I don’t know what the directors theme is on ITV racing, but we are now being bombarded with jumping stories from every angle. There was a good card at Doncaster on Saturday and this used to be the conclusion of the flat turf season where the presentations were made for winning jockey, trainer and owner. This has all gone by the board now and nobody has any idea of when it starts and ends and who the champion jockey is. If you went and asked any of the general public in any high street today you would no doubt be told Frankie Dettori, and they may have heard of Sir Michael Stoute, both of which are way out. The mess they have made of these awards will continue as long as we have people in charge who have very little idea of racing and what the professionals think.

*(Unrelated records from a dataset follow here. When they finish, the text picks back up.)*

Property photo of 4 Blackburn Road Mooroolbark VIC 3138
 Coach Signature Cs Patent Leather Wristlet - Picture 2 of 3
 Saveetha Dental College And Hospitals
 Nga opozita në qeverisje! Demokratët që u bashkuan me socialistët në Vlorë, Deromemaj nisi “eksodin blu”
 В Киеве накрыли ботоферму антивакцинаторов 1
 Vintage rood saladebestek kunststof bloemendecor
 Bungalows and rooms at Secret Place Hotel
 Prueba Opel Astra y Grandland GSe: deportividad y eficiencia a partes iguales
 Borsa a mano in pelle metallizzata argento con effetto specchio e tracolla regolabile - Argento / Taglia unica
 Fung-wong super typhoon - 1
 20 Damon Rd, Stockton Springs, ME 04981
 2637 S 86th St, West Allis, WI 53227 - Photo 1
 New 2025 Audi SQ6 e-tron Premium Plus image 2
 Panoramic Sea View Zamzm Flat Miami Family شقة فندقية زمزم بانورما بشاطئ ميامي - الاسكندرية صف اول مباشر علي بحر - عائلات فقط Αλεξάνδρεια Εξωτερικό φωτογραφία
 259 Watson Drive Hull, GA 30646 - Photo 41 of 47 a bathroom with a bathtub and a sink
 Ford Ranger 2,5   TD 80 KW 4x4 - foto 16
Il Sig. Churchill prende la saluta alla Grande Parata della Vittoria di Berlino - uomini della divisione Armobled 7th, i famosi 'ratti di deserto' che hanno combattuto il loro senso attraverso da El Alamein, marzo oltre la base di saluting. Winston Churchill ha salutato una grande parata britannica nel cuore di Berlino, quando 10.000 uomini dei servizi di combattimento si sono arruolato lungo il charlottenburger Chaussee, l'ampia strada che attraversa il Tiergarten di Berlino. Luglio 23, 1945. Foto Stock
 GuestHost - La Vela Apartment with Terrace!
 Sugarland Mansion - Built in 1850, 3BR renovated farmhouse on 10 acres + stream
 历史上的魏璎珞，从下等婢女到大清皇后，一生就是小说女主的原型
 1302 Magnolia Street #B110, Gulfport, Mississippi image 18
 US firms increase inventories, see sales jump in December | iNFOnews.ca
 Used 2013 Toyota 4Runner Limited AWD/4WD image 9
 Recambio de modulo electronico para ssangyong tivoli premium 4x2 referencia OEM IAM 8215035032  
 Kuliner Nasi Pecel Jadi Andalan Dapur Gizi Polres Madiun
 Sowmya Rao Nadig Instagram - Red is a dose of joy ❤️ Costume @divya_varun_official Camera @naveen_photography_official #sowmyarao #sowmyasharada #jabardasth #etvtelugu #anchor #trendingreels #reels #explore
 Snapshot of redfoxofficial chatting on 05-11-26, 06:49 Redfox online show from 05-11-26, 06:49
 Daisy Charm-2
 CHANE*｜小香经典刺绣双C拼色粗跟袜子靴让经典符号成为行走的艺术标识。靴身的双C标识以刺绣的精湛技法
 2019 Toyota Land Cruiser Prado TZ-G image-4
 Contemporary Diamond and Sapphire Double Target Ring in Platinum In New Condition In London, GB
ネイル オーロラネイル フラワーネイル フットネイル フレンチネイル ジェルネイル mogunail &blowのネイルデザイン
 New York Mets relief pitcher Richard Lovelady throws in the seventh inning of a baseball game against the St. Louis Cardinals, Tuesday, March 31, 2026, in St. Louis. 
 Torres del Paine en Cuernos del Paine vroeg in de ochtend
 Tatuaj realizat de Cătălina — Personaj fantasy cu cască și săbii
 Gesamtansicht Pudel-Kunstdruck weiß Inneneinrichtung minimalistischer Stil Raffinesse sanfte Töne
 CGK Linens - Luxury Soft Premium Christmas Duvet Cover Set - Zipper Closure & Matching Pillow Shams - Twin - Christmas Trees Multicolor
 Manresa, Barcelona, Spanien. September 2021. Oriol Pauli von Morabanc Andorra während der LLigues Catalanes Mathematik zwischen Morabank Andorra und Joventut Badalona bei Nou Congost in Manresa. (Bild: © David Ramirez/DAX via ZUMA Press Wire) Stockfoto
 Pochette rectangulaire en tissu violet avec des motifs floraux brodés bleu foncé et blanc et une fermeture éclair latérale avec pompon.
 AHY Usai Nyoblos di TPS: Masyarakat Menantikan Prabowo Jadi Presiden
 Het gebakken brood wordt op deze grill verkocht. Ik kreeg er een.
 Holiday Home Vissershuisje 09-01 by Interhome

The Casamento colt is now being ridden

Angie is now beginning to sort out the horses at the stud, starting with the yearlings that will come into me within the next 10 days. They will then move the weanlings over from one part of the stud to another for the winter, pregnant mares will move closer to the foaling boxes and the barren and maiden mares will be put together on another area of the land. We are also being inundated with stallions, new and old, for next seasons covering and there will be plenty of thought going into that in the next few months. You have got to decide whether you are breeding to race, or breeding to sell. Most of our owners breed to race, with just a few of their colts going off to pay a few bills. Breeding to race is a very different thought process because you can go to relatively anything, but the boys who have to sell their foals and yearlings to survive, have got to have an astrologer’s mind as it will be at least two or three years before they get a return on their investment. They have to foresee what is going to be popular in the sales ring at that time. A great slice of luck is what they need, both with the stallions and their offspring.